The University of Chicago’s Independent Student Newspaper since 1892

Chicago Maroon

The Express draws no fouls, but scores no extra points

A run-of-the-mill inspirational story like this needs some thing extra—stellar acting, a great score, powerful dialogue, or clever cinematography—to set itself apart.

Those of us with a fondness for Remember the Titans, Brian’s Song, or Friday Night Lights could make some reasonable predictions about Gary Fleder’s The Express. There would be a hard-nosed coach, a young student with immeasurable potential on the football field, some barriers—namely race relations—in his way, and a triumphant victory over those barriers at the conclusion.

Don’t get me wrong. These stories, while similar sounding, are each important in their own way. Each break in the color barrier for sports had its weight. The Express starts at the beginning, when Jackie Robinson joined the Brooklyn Dodgers.

But if faithful remakes can be better than originals, there was no reason this movie could not have offered something new or brilliant to the genre. The predictable ascent of Ernie Davis’s high school performance, followed by the possibility of his being better than the greats (Jim Brown, in this case) is just too standard of an offering. A run-of-the-mill inspirational story like this needs some thing extra—stellar acting, a great score, powerful dialogue, or clever cinematography—to set itself apart. The Express fumbles in not going the extra distance.

Lead actors Rob Brown and Dennis Quaid give good (not great) performances as Ernie Davis, Jr. and coach Rob Schwartzwalder. Quaid proves to be a gruffer Syracuse University head football coach than expected, but in the big moments when he should have delivered a Denzel Washington–style one-liner, he has very little to say. He looks and acts like your typical football coach who sometimes drills his players for no reason.

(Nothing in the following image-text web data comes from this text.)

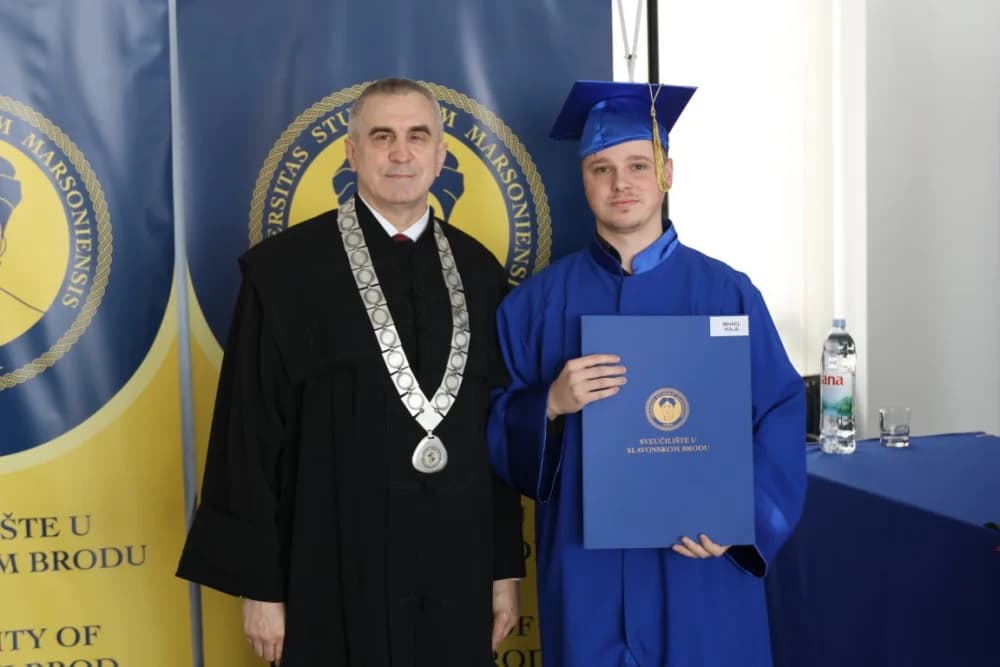 Velika svečanost: Promovirano 148 završnih studenata Sveučilišta u Slavonskom Brodu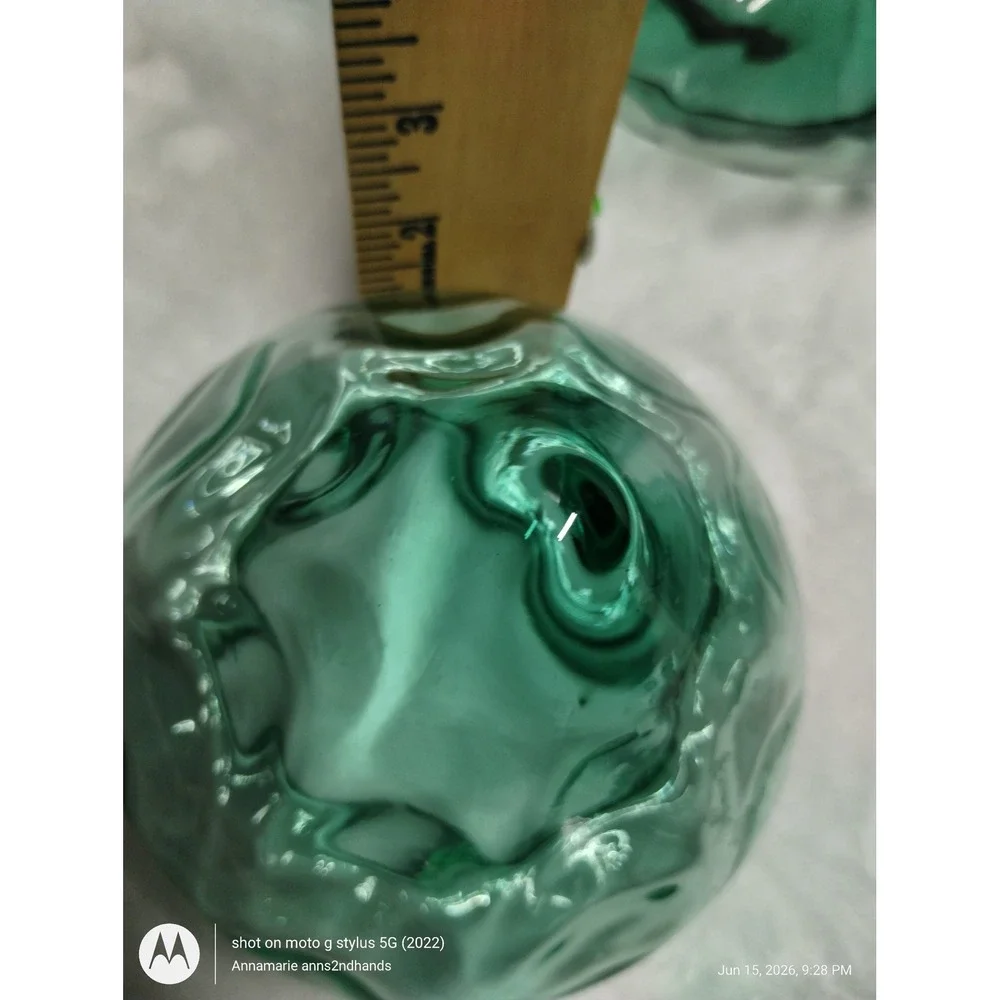 N/A green glass
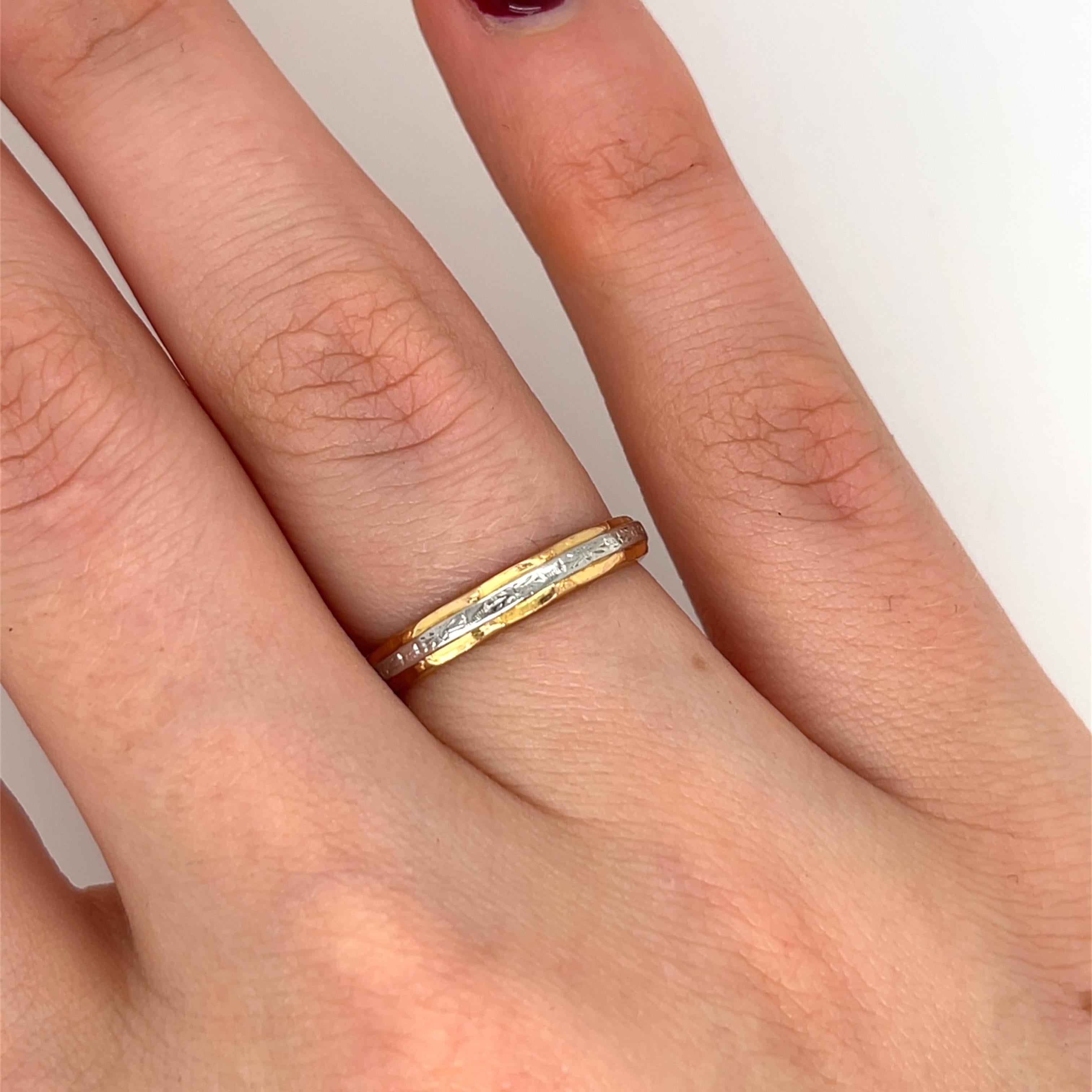 Una squisita fede in oro 22 ct con inserto in platino. Questo pezzo senza tempo presenta intricate incisioni a mano, simbolo di artigianalità ed eleganza,
e questo lo rende un perfetto pegno d'amore e d'impegno.

Larghezza della fascia 22ct: 2,88 mm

There are no memorable lines and hardly any moments when you admire the coach for his character. Rob Brown also gives a no-frills performance, portraying Davis’s cool shyness around women and his aggressive stance towards his passive-aggressive head coach. His performance leaves the viewer with few complaints but equally few compliments.

As for the camera’s eye view, there are over-dramatized catches down the field, tackles in practice, and metaphorical uses of football spewed all over this two-hour epic. Swelling strings, slow-motion catches, and pounding tackles against the practice dummy come exactly when you think they will. Even for suckers for dramatic football plays, the central game of the movie, 1961’s Cotton Bowl game, will drag on much too long.

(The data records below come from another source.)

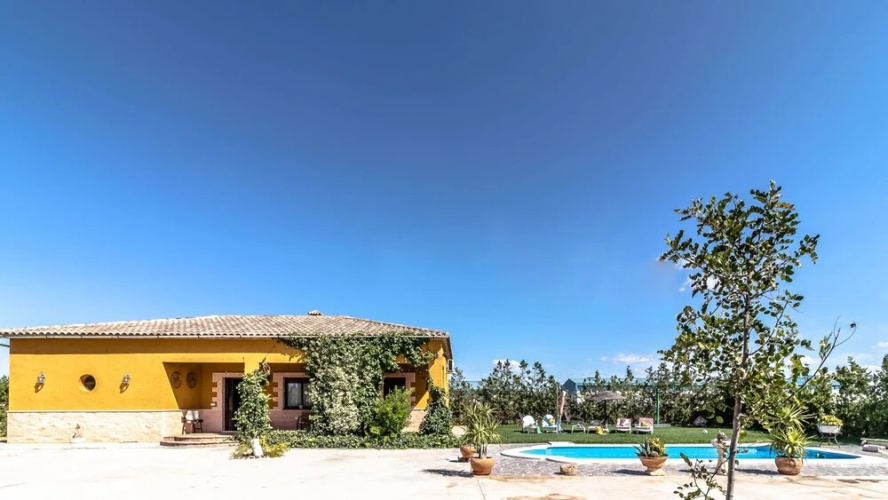 Villa Lucrecia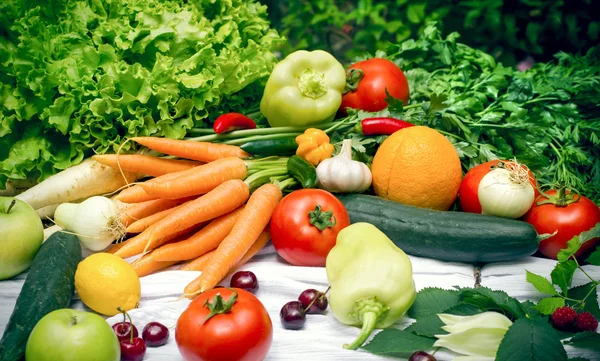 Alimentos biológicos saudáveis - frutas e produtos hortícolas frescos — Fotografia de Stock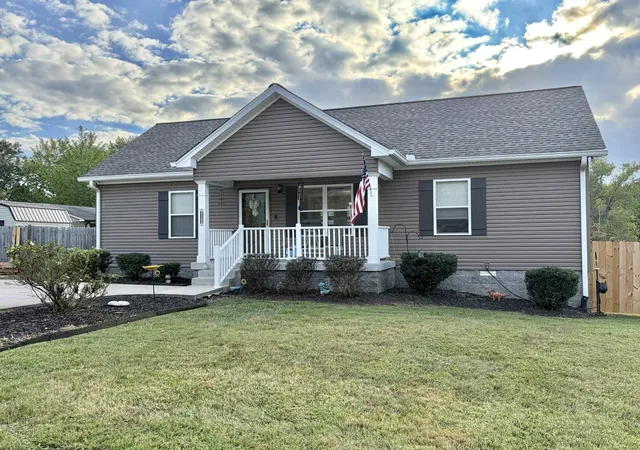 Photo 1 of Single family home for sale at 2122 Webster St, Greenbrier, TN 37073 | MLS# 3599070 | Listing updated on 2026-09-28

In the game, Davis is denied a touchdown and the coach replaces him with a white running back to score. Davis had injured his hamstring a day earlier, and at halftime, Schwartzwalder uses this as an excuse to leave Davis in the locker room for fear of further backlash on the way home from the game. The 20-year-old later storms out onto the field and overrides his coach’s decision by pointing out that one cannot play by the rules he claims to denounce if progress is to be made.

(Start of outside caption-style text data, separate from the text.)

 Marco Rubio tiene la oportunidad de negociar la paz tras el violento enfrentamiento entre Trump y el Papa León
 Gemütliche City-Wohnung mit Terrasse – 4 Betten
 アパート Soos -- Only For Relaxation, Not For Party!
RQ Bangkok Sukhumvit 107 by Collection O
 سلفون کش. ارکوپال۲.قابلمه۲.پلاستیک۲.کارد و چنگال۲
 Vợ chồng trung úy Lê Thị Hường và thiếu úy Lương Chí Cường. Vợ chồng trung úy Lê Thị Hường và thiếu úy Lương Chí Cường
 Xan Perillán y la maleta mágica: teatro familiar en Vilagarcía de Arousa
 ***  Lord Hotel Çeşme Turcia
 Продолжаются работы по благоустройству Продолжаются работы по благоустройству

Davis sheds two main words of wisdom in the film. First, you cannot be just like the greats, you have to be better than them. Davis never claimed to want to be Jim Brown, though he could recite his average yards-per-carry in a heartbeat. He wanted to be the best overall, not just the best black player. The second adage is that in the end, football is just a game. The thing that matters is what you play for.

For all the attempted inspiration that falls flat through most of the movie, these last two lines at least provide closure. Compared to other movies in the genre, the central issue is different in that the bulk of racial discrimination is not between teammates but from outside teams and individuals. This places Davis’s feat in a larger, national perspective that causes President Kennedy to congratulate the young man face-to-face.

The fact that Davis led his team to victory at the Cotton Bowl and was not allowed to the awards reception at a white-only club signals that this historical period was supremely transitional. This time deserved a big-screen adaptation, but it should have been handled with more care. Consequently, The Express is simply standard fodder for occasional moviegoers who like football.